* **Your task**: Return the whole listing exactly, omitting the pictures.

*** Exercise data Section Begins ***

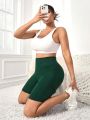 Yoga Basic Plus Size High Waisted Athletic Shorts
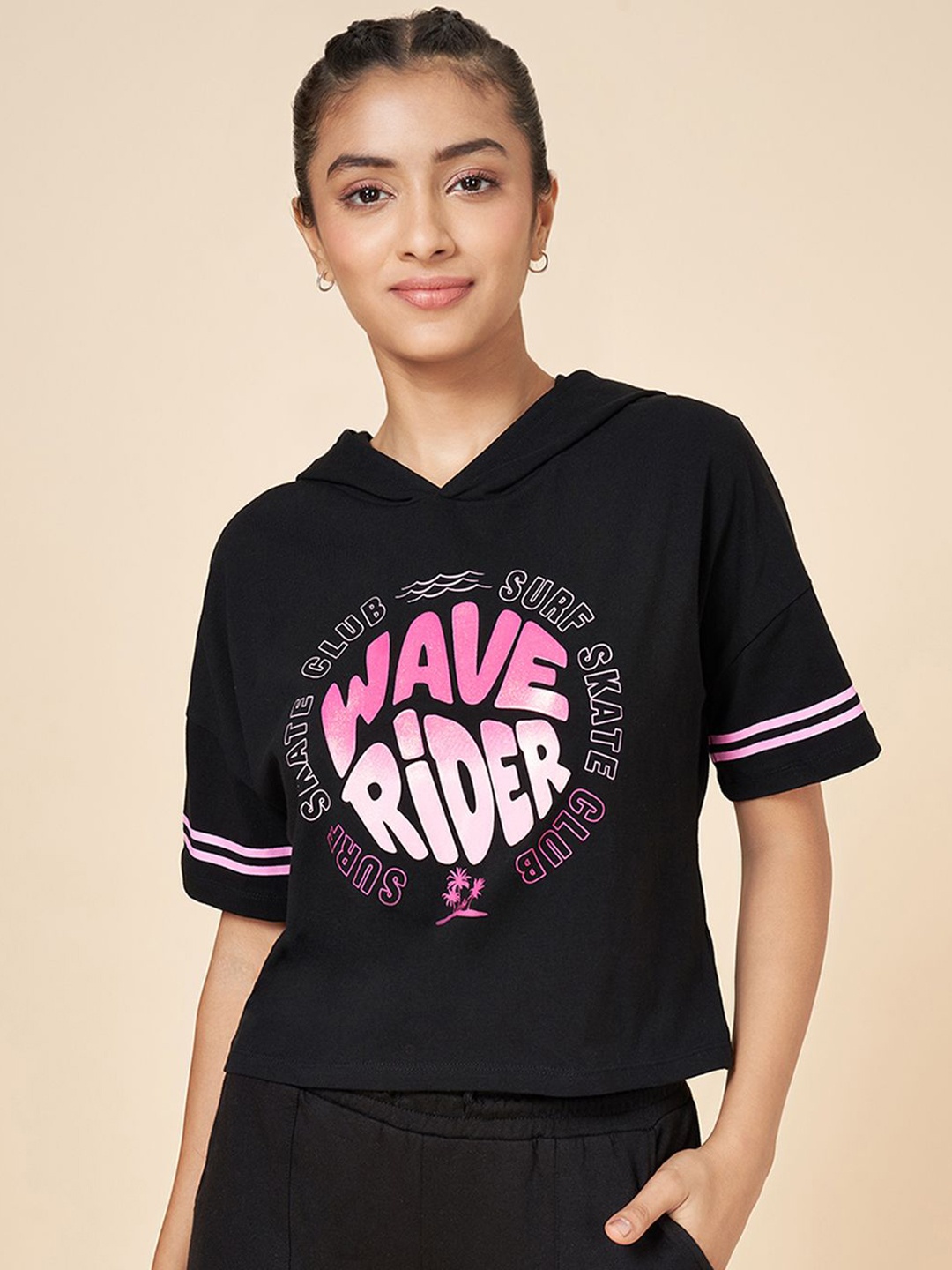 

Coolsters by Pantaloons Girls Typography Printed Hood Cotton Boxy T-shirt, Black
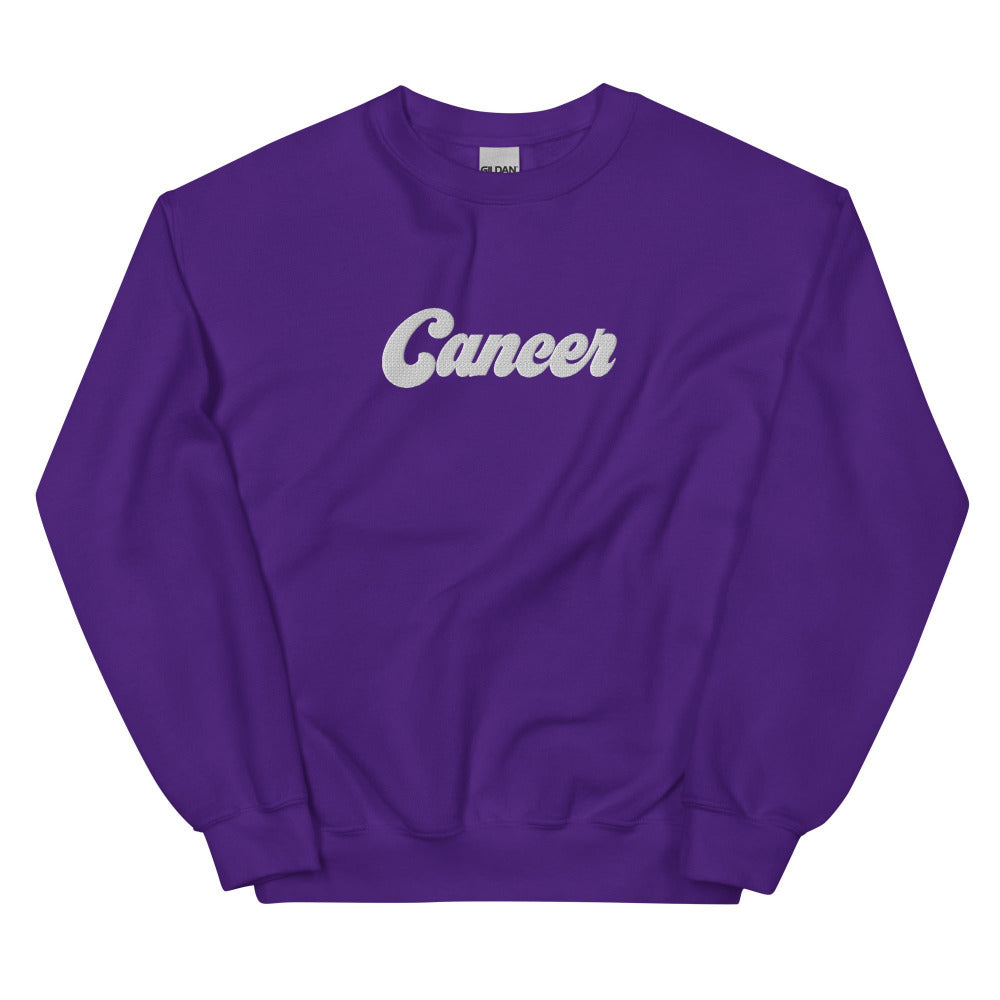 Cancer Zodiac Embroidered Sweatshirt - Purple Color - https://ascensionemporium.net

*** Exercise data Section Ends ***

* **Written solution**:
 Yoga Basic Plus Size High Waisted Athletic Shorts

Coolsters by Pantaloons Girls Typography Printed Hood Cotton Boxy T-shirt, Black
 Cancer Zodiac Embroidered Sweatshirt - Purple Color - https://ascensionemporium.net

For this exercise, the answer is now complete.